The honeycomb quantum Heisenberg ferromagnet model with anisotropic exchange interactions

Since the discovery of magnetism in single-layered CrI₃ about two years ago [1], research into the magnetic properties of this type of monolayer materials has ever been growing. However, a fundamental theory describing the origin of two-dimensional ferromagnetism, which is key in understanding its properties, is still missing.

We modelled these two-dimensional materials using a honeycomb quantum Heisenberg ferromagnet, accounting not only for the exchange interactions up to third nearest neighbours, but also allowing an overal exchange anisotropy. The latter turns out to be key for the ferromagnetic ordering.

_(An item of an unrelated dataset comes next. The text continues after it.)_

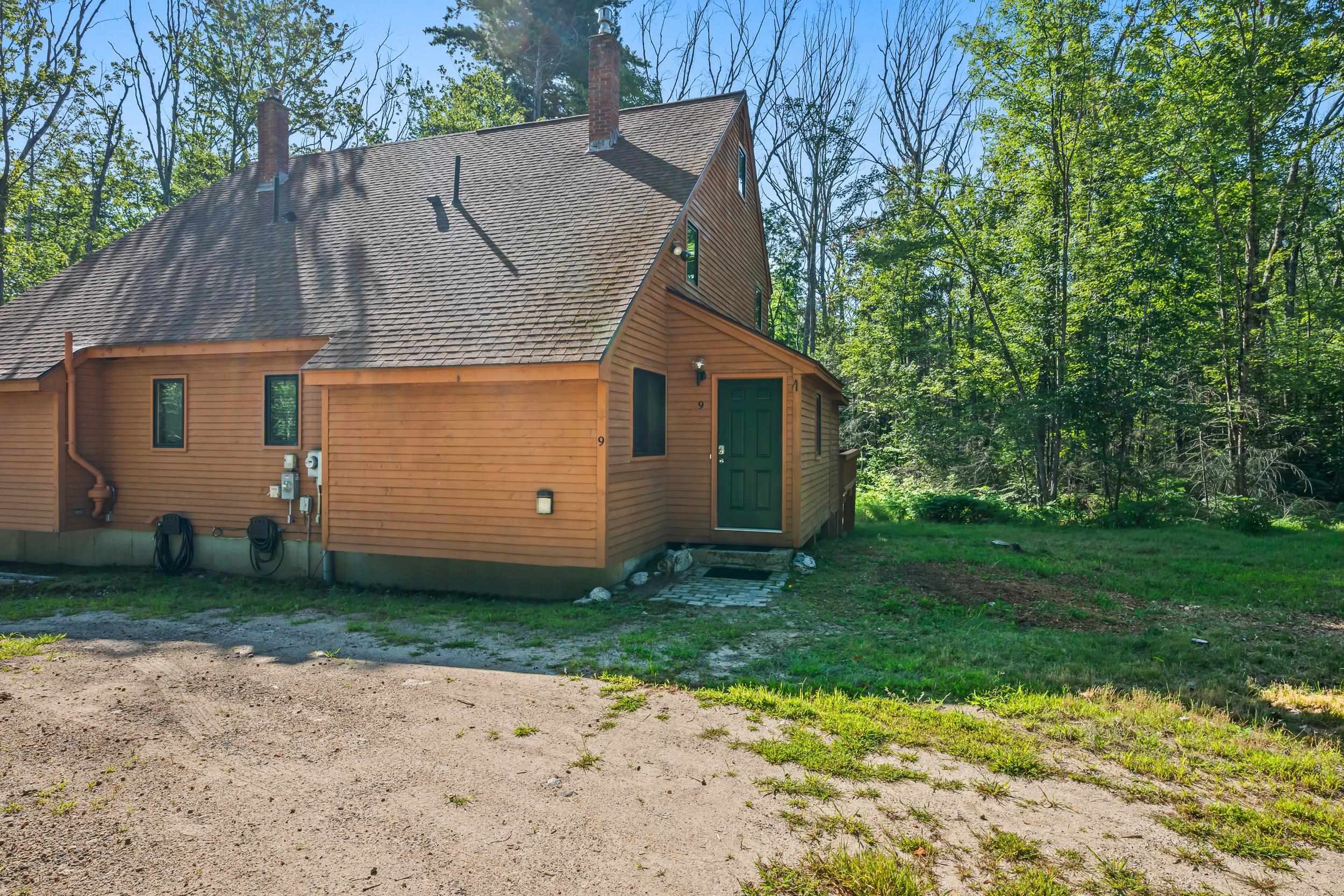 Brown wood-sided home with a green front door beside a wooded lawn and gravel driveway.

Here, we present analytical results that were obtained using double-time temperature-dependent Green's functions [2]. We furthermore discuss the influence of temperature, anisotropies and exchange constants on the resulting magnetization.

[1] Huang, B., et al. "Layer-dependent ferromagnetism in a van der Waals crystal down to the monolayer limit." Nature 546.7657 (2017): 270.
[2] Vanherck, J., Sorée, B., and Magnus, W. "Anisotropic bulk and planar Heisenberg ferromagnets in uniform, arbitrarily oriented magnetic fields." Journal of Physics: Condensed Matter 30.27 (2018): 275801.